Compilation Logic (LiteRtCompilerPluginCompile)
This function takes the partitioned subgraphs and generates a custom
LiteRtCompiledResult. This example generates a standalone bytecode module for
each partition to be compiled. In real cases, this usually involves converting
LiteRT ops to types to the backend compiler library.
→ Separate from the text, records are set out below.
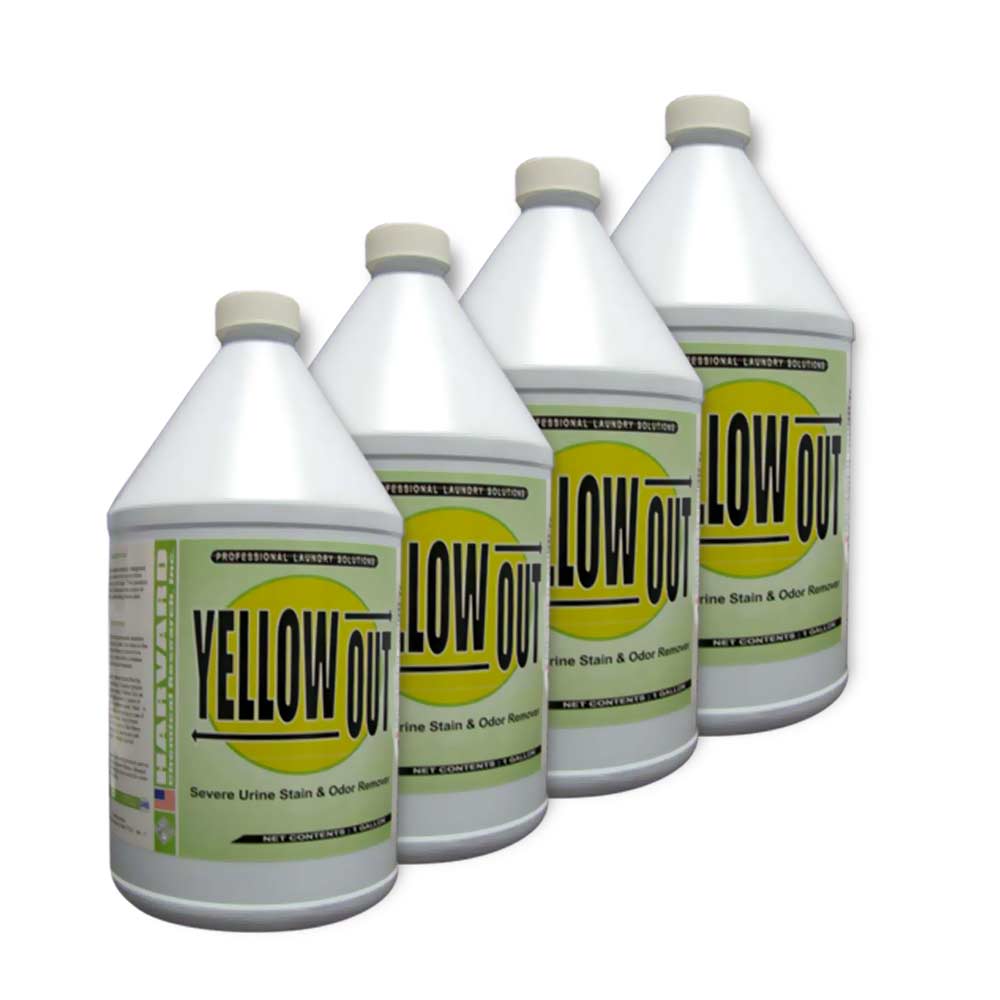 Harvard Chemical 350304, Yellow Out, Urine Stain Remover, 4-1 Gallon Case, Rug Fringe Brightener, GTIN: 711978404041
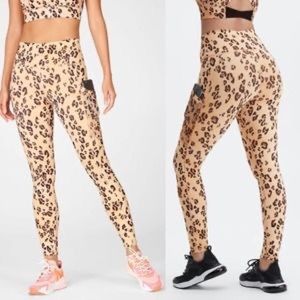 Fabletics Powerhold leggings in leopard print. Size medium.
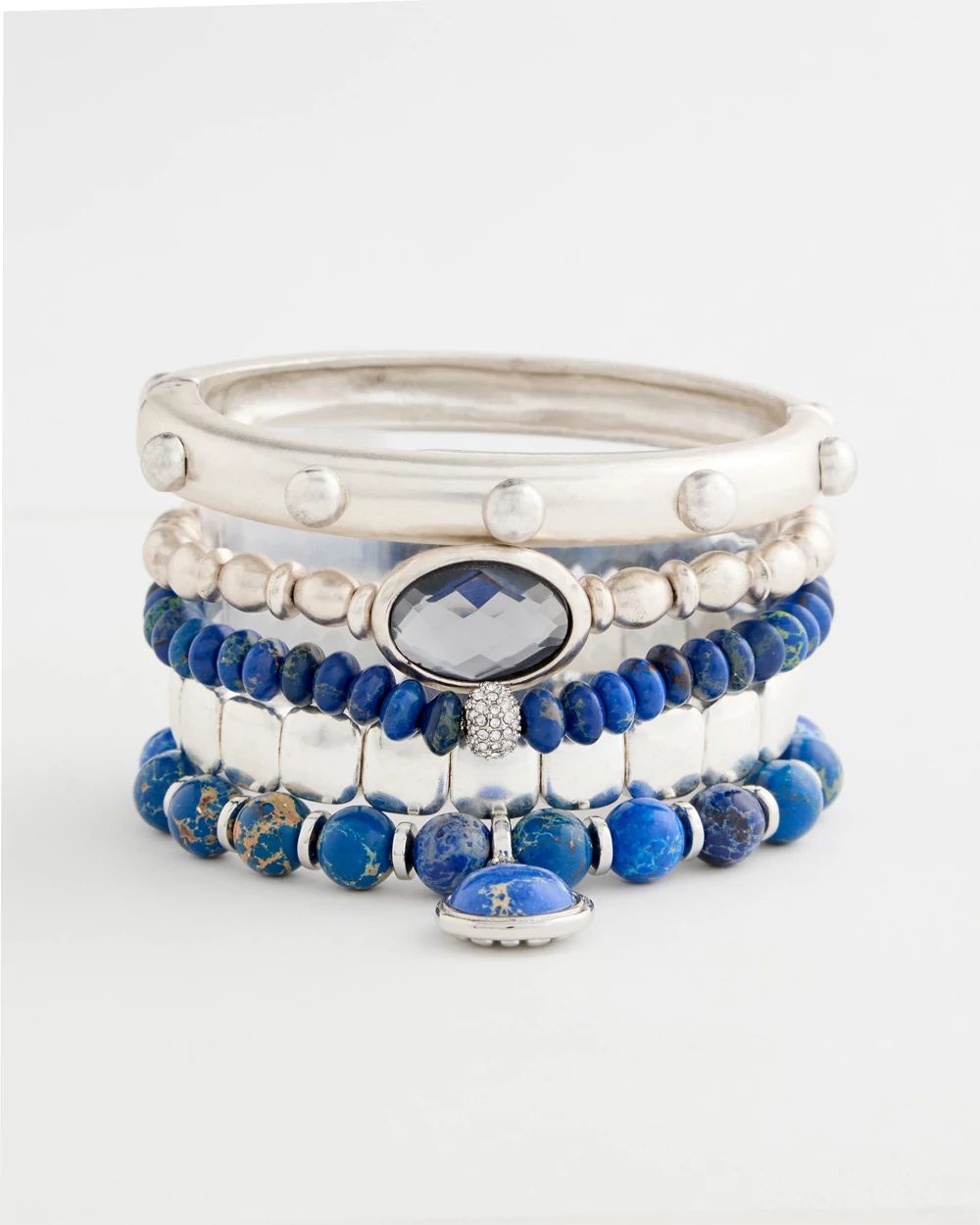 Blue Jasper Stretch Charm Bracelet click to view larger image.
The functional example
plugin's "compilation" creates a human readable string which encodes the graph.
// Internal structure defining the compiled output
struct LiteRtCompiledResultT {
std::vector<std::string> byte_code; // The hardware bytecode buffers
std::vector<std::string> per_op_data; // Per-call metadata (CallInfo)
};
LiteRtStatus LiteRtCompilerPluginCompile(
LiteRtCompilerPlugin compiler_plugin, const char* soc_model,
LiteRtModel partitions, LiteRtCompiledResult* compiled_result) {
// 1. Create the internal result structure
auto model = litert::Model::CreateFromNonOwnedHandle(partitions);
const auto num_partitions = model.NumSubgraphs();
auto result = std::make_unique<LiteRtCompiledResultT>();
result->byte_code.resize(num_partitions);
result->per_op_data.resize(num_partitions);
// 2. Iterate and compile each partition
for (auto i = 0; i < num_partitions; ++i) {
// CompileSinglePartition is an internal helper that converts the subgraph
// into the target hardware's format and stores it in result->byte_code.
// In the case of the example this is just a stringification of the graph.
// ... internal call to CompileSinglePartition ...
// Example: result.byte_code[i] = generated_hw_code;
// Example: result.per_op_data[i] = absl::StrFormat("Partition_%d", i);
// The "per_op_data" is a unique identifier associated to the `ith` partition.
// This is analogous to the name of a function in a library.
// This is only meaningful when the plugin is preparing single modules with multiple entry points.
}
// 3. Pass ownership of the result back to the framework
*compiled_result = result.release();
return kLiteRtStatusOk;
}
// Functions to expose the compiled result data to the framework
LiteRtStatus LiteRtGetCompiledResultByteCode(
LiteRtCompiledResult compiled_result, LiteRtParamIndex byte_code_idx,
const void** byte_code, size_t* byte_code_size) {
// ... implementation reads from compiled_result->byte_code ...
}
// ... other LiteRtGetCompiledResult* functions ...
Usage and Validation
LiteRT provides various toolings for applying compiler plugins to model files, executing the result, and validating/benchmarking. Refer to the accelerator test suite documentation and the benchmarking and profiling documentation.